Could you reproduce, word for word, everything below from the line containing "M bucket seats" down to the line containing "playroom featuring ceiling", with both of those lines included and no others?

• [DATA SECTION]
###

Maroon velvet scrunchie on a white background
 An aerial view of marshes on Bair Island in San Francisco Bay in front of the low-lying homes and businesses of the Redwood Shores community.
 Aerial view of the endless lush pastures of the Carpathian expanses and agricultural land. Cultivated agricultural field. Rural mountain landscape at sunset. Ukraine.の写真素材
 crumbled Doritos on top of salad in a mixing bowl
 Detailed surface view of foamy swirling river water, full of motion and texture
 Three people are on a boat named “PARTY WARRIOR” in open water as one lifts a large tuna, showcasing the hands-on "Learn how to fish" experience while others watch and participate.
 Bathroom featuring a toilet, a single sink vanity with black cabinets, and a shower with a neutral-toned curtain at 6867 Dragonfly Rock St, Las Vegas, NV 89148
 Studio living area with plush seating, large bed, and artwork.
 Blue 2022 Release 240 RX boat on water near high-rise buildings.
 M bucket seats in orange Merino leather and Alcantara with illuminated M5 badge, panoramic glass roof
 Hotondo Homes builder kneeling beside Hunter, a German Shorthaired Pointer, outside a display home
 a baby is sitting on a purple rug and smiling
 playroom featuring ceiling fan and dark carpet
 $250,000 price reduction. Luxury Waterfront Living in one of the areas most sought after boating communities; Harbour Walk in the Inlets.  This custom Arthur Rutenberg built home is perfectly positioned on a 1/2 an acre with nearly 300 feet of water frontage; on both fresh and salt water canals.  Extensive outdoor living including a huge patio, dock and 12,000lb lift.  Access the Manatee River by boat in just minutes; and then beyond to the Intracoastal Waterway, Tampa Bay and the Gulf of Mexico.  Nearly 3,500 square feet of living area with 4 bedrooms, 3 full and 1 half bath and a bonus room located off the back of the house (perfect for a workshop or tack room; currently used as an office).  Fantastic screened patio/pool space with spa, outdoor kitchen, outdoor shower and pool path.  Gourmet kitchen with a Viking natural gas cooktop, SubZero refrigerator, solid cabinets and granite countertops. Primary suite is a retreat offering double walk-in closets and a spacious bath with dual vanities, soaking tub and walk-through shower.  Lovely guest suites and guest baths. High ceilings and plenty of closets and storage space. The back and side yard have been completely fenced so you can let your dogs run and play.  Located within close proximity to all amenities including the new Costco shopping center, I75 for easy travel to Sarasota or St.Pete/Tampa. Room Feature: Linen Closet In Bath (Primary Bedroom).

###

• [EXPECTED ANSWER]
 M bucket seats in orange Merino leather and Alcantara with illuminated M5 badge, panoramic glass roof
 Hotondo Homes builder kneeling beside Hunter, a German Shorthaired Pointer, outside a display home
 a baby is sitting on a purple rug and smiling
 playroom featuring ceiling fan and dark carpet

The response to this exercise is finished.